= Beginning of Section =

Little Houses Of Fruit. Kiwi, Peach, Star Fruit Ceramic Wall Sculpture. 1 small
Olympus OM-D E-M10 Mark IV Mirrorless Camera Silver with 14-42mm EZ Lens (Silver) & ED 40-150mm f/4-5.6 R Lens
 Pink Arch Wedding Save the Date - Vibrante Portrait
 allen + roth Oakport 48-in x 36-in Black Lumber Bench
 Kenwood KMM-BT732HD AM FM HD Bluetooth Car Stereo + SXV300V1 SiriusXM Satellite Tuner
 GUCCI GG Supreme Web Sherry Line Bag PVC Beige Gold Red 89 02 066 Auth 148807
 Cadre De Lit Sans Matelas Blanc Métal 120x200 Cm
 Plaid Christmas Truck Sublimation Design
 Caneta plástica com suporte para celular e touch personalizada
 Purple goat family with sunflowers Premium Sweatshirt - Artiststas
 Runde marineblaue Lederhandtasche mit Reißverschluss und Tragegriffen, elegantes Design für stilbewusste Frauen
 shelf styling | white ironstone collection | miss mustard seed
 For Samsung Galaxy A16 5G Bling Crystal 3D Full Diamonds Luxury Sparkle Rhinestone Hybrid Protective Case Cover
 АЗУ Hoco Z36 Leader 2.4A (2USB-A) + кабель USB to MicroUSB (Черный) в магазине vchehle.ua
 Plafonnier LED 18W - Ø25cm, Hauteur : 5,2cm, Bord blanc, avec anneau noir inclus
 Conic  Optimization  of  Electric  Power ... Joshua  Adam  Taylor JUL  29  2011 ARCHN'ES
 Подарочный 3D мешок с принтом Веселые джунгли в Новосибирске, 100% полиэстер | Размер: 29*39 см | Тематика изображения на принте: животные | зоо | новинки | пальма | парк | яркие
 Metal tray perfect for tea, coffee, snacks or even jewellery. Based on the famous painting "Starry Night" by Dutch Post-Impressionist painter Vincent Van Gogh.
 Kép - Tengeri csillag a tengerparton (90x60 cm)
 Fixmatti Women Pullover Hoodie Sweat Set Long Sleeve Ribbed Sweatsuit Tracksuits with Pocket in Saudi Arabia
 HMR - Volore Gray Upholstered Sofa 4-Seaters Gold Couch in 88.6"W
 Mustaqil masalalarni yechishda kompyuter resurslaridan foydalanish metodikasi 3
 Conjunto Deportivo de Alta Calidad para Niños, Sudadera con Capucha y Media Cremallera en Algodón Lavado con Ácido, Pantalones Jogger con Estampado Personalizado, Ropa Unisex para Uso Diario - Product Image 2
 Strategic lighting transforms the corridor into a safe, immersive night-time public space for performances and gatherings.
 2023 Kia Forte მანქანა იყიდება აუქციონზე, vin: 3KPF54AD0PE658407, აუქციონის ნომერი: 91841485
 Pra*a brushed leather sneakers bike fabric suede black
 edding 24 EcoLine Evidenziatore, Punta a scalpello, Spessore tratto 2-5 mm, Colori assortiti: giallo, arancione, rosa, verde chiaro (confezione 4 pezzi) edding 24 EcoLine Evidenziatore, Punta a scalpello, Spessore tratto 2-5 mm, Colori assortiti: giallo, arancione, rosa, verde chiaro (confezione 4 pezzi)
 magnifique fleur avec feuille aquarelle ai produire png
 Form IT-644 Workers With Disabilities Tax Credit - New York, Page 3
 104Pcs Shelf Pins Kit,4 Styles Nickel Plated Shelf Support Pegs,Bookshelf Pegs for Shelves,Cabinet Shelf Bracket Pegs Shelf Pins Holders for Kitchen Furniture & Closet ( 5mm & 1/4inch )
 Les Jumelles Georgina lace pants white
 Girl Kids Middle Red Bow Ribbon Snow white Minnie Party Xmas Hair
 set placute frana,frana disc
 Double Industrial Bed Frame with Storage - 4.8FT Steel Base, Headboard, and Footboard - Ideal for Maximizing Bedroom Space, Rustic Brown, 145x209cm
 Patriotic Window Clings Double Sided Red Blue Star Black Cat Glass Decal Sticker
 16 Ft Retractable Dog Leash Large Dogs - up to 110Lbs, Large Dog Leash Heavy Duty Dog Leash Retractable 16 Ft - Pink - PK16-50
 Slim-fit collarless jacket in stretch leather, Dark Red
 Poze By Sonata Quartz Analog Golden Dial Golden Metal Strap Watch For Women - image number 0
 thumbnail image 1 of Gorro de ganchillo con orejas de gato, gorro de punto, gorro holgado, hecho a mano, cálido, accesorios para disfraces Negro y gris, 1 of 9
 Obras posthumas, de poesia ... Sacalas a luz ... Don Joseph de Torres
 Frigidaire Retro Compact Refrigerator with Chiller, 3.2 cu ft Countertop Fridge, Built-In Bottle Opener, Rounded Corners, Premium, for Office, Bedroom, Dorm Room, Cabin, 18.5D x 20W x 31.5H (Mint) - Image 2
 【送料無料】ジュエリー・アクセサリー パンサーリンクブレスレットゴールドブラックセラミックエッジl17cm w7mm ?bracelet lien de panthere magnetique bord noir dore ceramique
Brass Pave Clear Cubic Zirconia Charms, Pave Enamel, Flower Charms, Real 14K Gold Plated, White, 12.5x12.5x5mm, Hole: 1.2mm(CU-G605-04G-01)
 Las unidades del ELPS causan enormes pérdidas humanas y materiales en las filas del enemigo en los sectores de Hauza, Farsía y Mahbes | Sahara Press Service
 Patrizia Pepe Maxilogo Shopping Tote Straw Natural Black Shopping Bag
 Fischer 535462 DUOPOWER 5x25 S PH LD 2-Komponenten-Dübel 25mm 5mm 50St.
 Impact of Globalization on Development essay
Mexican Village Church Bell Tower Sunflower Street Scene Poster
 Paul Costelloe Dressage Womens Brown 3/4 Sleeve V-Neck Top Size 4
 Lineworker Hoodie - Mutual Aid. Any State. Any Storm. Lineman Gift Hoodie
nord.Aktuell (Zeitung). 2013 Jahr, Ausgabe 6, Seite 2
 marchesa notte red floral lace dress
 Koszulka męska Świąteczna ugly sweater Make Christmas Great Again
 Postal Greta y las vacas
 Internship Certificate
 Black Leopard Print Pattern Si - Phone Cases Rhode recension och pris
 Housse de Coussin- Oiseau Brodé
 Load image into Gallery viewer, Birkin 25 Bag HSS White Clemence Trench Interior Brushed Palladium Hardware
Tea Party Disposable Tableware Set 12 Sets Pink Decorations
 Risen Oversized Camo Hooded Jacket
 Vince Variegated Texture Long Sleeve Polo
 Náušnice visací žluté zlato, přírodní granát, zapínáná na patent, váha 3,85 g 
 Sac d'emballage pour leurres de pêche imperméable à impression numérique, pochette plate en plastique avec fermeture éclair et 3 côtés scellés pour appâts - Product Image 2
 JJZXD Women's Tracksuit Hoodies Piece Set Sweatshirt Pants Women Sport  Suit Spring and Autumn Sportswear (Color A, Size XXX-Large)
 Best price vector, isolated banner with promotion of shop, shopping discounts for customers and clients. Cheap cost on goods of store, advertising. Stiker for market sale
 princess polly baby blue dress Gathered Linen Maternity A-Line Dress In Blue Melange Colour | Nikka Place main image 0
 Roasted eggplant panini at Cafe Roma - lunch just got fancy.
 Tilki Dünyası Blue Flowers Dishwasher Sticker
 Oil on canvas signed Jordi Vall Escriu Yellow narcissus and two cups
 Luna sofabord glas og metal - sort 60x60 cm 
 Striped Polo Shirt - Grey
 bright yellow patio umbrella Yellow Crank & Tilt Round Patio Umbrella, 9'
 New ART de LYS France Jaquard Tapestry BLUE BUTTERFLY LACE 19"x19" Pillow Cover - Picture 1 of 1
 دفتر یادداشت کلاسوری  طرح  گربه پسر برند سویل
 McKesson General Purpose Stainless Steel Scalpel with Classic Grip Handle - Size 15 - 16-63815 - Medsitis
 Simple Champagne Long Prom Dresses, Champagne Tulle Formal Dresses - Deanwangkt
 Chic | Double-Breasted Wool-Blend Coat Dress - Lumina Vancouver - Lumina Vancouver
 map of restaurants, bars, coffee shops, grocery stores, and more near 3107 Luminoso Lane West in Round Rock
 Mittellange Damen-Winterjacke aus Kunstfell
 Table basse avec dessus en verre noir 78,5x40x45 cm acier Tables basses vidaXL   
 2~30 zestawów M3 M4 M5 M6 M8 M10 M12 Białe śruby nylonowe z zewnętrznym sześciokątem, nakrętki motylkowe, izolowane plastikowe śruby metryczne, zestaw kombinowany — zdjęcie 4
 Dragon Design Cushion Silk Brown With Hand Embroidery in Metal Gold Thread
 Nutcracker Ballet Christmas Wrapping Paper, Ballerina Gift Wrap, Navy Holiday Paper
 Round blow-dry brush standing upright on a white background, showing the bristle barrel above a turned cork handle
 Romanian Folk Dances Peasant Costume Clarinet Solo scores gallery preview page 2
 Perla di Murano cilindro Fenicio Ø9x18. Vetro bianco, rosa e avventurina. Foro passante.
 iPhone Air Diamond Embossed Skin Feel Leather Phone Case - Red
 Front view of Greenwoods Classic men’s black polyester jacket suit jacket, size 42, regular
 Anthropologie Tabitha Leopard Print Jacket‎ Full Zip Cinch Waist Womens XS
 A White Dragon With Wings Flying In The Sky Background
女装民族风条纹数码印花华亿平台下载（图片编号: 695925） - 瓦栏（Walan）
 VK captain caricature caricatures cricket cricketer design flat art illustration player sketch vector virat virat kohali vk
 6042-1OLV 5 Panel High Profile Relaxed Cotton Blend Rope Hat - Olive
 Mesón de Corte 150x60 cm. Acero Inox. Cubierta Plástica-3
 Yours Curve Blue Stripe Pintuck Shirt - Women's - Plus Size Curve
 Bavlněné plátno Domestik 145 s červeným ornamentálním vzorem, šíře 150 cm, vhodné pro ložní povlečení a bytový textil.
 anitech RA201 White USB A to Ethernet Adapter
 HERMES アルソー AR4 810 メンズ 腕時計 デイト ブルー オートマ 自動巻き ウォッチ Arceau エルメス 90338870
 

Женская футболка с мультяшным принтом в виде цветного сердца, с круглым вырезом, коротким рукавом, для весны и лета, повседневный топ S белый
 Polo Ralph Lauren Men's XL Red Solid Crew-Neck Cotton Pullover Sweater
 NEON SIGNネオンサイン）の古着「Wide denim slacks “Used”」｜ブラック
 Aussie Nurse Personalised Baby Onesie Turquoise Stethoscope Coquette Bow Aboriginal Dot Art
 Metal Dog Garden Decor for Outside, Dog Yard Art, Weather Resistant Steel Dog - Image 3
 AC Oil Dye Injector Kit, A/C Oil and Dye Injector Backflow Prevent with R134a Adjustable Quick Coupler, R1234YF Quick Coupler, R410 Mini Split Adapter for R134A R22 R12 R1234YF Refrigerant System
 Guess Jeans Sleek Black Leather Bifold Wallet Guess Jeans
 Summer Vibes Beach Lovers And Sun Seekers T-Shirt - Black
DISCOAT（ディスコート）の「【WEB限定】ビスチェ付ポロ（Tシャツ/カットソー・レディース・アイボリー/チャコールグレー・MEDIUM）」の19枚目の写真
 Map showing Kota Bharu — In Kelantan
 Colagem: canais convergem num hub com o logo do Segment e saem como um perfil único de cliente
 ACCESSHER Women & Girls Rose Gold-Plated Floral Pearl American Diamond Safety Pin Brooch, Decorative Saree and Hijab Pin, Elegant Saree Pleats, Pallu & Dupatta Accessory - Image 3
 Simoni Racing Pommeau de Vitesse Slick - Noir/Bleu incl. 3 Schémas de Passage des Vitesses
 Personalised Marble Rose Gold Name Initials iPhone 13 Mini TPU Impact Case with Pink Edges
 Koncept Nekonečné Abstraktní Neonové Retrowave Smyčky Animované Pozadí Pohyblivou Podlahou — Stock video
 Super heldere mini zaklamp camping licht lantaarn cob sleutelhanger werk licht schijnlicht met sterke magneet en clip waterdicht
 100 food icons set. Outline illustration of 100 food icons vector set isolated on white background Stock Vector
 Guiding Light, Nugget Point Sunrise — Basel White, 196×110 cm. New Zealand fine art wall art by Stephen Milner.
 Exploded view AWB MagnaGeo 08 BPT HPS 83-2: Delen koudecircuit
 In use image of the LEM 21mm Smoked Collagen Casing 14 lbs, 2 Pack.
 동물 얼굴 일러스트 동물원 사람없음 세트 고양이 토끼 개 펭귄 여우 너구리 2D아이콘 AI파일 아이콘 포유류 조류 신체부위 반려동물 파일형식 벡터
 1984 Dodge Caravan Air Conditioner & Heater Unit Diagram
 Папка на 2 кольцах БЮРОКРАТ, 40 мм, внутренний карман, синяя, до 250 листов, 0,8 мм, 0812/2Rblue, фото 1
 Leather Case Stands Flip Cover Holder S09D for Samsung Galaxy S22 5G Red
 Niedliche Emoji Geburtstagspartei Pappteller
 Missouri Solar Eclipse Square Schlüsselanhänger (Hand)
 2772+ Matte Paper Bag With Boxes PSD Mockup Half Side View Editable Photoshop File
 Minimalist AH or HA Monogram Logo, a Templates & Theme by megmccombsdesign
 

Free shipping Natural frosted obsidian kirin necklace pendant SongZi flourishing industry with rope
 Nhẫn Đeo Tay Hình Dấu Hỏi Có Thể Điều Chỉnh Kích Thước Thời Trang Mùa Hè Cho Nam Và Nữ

= End of Section =

> [Work order]
Among the records, find the lines that contain "Large" and copy each of them.

> [Exercise response]
 16 Ft Retractable Dog Leash Large Dogs - up to 110Lbs, Large Dog Leash Heavy Duty Dog Leash Retractable 16 Ft - Pink - PK16-50
 JJZXD Women's Tracksuit Hoodies Piece Set Sweatshirt Pants Women Sport  Suit Spring and Autumn Sportswear (Color A, Size XXX-Large)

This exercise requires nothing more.